Apple and Personality-Based Marketing/Publicity in the Music Space

Posted on | February 26, 2015 | Comments Off on Apple and Personality-Based Marketing/Publicity in the Music Space

Apple Computer Logo

By Apple, Inc. [Public domain], via Wikimedia Commons

I was on Facebook earlier today and came across the comment below from Tim Quirk. It’s apparently about Apple’s new streaming music service, which is slated to launch later this year. Tim’s a musician and has also spent time working at Rhapsody and Google Music, amongst other places.

WHO’s telling you to listen is far, far less important than WHAT they tell you to listen to. Also, GETTING you to actually listen.

Reading the comments underneath Tim’s post, I came to understand that it related to his criticism of what he asserted was the personality-based approach that Apple seems to be using with its new service.

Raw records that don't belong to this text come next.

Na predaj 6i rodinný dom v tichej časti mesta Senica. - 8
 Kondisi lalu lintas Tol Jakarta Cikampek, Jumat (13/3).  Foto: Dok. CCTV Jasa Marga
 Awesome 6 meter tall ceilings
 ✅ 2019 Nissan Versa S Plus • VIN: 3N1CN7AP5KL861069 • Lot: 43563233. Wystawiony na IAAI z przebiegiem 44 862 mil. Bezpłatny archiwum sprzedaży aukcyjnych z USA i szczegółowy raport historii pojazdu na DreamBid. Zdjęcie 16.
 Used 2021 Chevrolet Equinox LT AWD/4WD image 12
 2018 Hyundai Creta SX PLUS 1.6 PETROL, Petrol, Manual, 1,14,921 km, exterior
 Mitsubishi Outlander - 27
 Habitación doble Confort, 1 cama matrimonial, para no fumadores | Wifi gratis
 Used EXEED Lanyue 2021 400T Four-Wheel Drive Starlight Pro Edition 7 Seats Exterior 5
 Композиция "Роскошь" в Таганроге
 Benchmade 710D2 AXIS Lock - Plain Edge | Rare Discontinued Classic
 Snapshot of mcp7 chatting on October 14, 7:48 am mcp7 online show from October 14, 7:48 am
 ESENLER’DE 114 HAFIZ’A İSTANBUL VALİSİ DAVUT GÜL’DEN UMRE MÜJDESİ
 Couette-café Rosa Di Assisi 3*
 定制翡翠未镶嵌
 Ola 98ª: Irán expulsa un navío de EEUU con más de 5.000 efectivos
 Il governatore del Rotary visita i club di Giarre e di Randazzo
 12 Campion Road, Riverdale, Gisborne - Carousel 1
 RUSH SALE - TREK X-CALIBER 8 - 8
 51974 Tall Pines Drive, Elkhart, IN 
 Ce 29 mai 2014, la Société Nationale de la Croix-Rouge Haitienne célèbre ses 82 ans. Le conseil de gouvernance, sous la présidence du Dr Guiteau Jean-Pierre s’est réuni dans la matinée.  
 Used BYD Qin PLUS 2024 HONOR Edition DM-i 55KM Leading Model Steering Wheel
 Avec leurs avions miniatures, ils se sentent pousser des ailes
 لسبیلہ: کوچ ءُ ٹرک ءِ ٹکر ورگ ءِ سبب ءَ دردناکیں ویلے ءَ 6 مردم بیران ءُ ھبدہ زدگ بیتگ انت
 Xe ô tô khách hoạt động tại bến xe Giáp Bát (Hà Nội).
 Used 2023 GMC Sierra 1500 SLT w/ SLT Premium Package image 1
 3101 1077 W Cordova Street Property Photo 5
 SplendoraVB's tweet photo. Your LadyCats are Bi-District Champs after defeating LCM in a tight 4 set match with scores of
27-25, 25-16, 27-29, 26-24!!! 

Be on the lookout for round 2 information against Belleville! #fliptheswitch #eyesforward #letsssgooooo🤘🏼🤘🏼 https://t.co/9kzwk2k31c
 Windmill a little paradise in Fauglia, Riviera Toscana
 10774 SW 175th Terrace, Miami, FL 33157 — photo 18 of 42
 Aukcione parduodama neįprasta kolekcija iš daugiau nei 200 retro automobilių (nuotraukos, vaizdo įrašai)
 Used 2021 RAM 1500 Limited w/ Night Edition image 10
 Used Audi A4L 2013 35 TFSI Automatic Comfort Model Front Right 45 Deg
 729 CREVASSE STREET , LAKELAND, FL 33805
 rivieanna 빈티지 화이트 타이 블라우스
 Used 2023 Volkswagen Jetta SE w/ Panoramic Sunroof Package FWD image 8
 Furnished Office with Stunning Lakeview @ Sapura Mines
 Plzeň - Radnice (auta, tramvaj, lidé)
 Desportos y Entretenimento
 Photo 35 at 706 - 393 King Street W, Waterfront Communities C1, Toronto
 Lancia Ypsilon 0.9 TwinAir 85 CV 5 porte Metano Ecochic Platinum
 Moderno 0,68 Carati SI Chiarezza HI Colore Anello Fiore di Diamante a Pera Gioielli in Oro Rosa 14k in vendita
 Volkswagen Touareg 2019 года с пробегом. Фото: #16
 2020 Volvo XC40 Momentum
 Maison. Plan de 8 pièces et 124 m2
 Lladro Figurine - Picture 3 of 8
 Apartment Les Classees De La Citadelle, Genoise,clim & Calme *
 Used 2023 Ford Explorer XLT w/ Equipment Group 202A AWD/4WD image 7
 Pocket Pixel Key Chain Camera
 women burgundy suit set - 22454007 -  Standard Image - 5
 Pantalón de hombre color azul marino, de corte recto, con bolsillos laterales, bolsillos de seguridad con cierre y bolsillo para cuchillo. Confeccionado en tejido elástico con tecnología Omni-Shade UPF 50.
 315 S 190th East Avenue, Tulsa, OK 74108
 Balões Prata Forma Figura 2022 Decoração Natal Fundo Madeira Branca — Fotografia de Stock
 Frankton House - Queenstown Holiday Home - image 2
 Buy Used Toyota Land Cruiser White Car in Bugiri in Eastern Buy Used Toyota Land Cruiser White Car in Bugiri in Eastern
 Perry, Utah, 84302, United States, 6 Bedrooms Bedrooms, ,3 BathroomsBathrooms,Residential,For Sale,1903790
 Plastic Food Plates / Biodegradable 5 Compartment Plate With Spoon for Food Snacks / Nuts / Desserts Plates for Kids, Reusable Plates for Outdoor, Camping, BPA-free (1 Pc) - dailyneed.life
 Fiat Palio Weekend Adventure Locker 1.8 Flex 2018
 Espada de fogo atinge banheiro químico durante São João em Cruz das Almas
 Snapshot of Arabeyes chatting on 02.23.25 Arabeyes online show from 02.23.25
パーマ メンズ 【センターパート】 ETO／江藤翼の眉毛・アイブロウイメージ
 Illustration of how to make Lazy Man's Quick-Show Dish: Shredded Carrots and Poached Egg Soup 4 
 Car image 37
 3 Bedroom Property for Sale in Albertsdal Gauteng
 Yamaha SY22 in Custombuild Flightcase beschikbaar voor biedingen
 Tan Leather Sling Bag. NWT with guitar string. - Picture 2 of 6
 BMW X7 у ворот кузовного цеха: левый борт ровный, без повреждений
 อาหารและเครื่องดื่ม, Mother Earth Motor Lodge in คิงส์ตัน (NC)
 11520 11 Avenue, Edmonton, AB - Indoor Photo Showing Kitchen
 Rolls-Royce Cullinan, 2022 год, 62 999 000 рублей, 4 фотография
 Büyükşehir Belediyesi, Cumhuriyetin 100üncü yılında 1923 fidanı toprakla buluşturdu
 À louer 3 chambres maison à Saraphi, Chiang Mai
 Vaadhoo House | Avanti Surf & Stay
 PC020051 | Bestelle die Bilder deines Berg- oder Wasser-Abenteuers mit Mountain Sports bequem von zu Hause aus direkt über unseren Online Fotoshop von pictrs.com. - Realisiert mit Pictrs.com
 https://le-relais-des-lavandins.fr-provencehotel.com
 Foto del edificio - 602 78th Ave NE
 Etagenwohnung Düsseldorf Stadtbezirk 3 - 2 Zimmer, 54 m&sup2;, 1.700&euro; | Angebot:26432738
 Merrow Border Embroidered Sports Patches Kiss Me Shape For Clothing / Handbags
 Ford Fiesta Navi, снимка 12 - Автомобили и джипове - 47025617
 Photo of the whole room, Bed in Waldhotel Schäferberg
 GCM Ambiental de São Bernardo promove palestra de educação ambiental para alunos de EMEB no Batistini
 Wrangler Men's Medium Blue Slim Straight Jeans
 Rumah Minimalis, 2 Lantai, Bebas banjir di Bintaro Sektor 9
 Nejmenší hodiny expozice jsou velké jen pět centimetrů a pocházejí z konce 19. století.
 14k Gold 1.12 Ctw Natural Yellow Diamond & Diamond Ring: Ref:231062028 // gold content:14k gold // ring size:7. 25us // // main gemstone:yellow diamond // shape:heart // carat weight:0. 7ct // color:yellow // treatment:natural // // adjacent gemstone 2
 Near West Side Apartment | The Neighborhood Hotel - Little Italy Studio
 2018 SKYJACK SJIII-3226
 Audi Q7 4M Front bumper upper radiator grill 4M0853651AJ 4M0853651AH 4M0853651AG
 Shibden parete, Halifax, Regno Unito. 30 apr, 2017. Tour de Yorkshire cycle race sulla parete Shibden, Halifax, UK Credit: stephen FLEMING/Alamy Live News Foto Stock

One commenter, Jamie Dolling, asserted that the new service was as much about “personality as it is about music,” and worried that this approach couldn’t help but “poison the water.”

Subsequently, Jon Maples, a digital music consultant formerly of Rhapsody, indicated that it was the same..old…’human music curation’ approach without any understanding of what the listener actually wants.”

I started adding my own comment on that post, but as its length ballooned it seemed to be morphing into a blog post. So I moved over here.

Anyway, here’s my take on this stuff.

As Tim correctly points out, getting listeners to break out of their default is the challenge, because most listeners just want to keep listening to the stuff they are already familiar with (and consume the same products over and over again as well).

To my mind, personality-based approaches to marketing and publicity can be one way to accomplish that goal. Even if there’s an element of bullshit, snake oil to it, they wouldn’t still be using it if personality-based publicity and marketing didn’t sell shit.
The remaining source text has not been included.